# What you need to do
All that is needed is an exact repetition of the lines from the one containing "Halloween Witch Enamel" through the final line of the material, without pictures.

# Supplied data
■ ■ ■ ■ ■
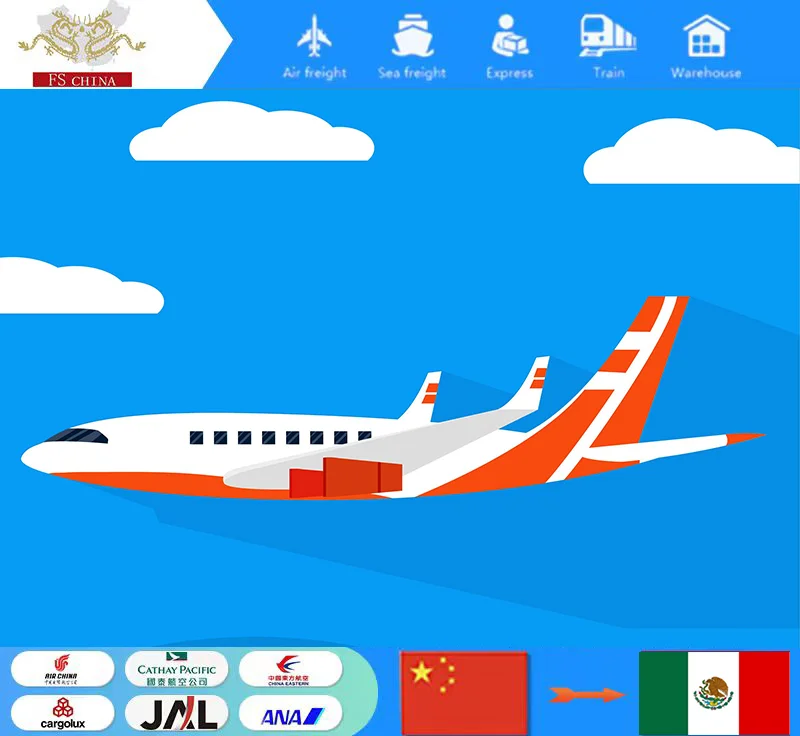 Air transportation service from Shanghai, China to Mexico City Air transportation in Mexico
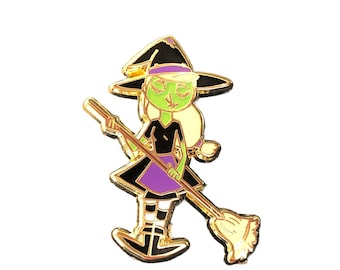 Halloween Witch Enamel Pin - Cute Cartoon Style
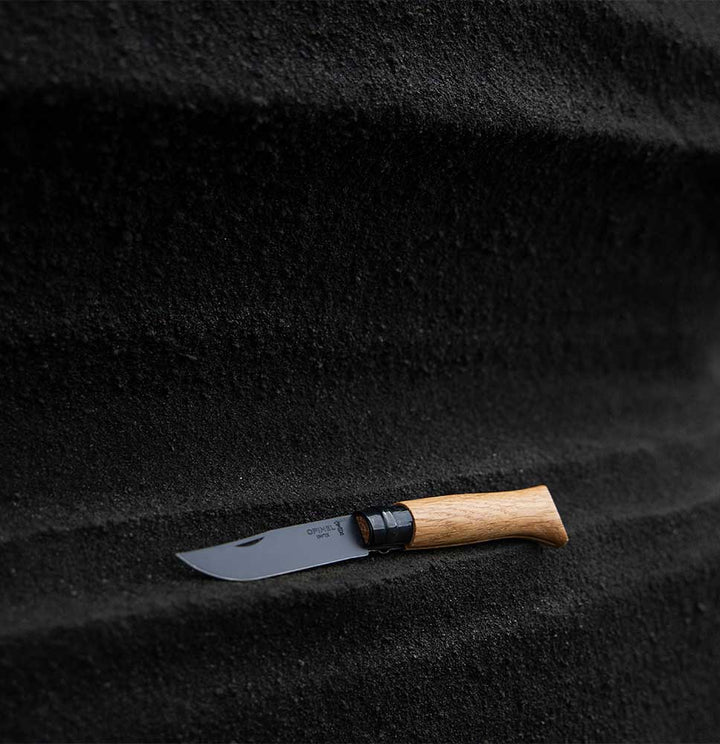 Opinel - N°08 Black Stainless Steel Folding Knife|Oak Wood Handle|Stainless Steel Black Stainless Steel Folding Knife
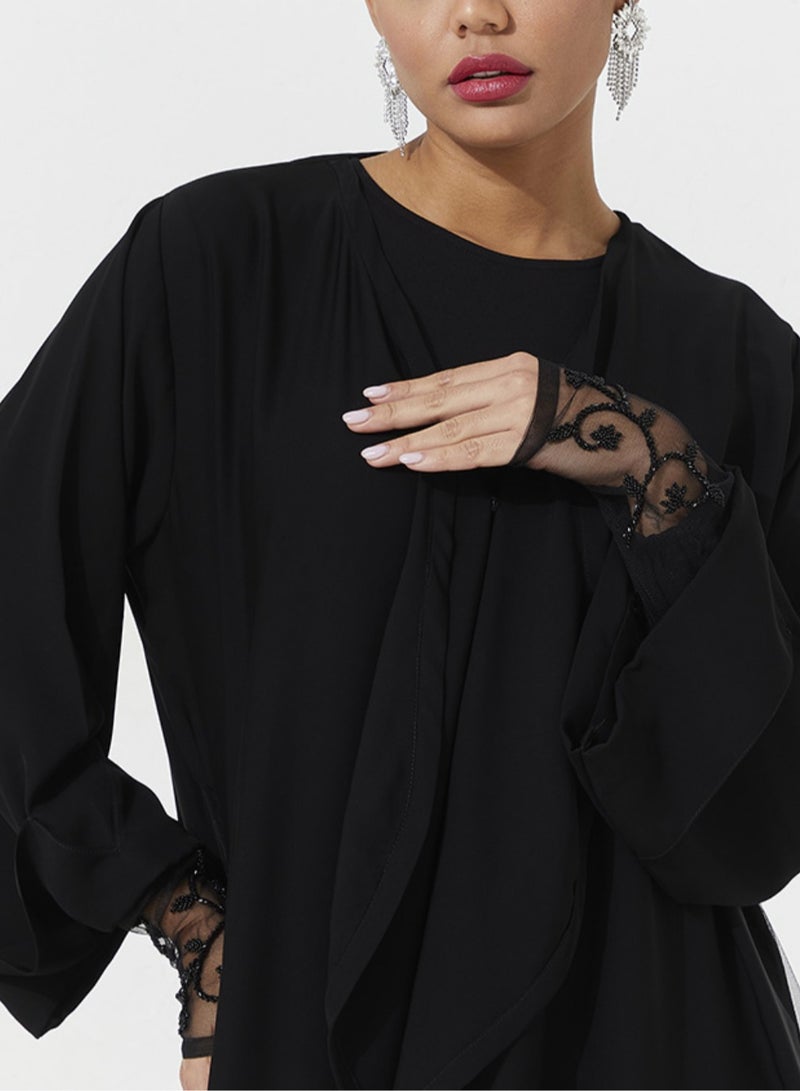 Rosette Abaya Black Abaya with Embroidary design - Image 2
■ ■ ■ ■ ■
# Answer to the problem
 Halloween Witch Enamel Pin - Cute Cartoon Style
 Opinel - N°08 Black Stainless Steel Folding Knife|Oak Wood Handle|Stainless Steel Black Stainless Steel Folding Knife
 Rosette Abaya Black Abaya with Embroidary design - Image 2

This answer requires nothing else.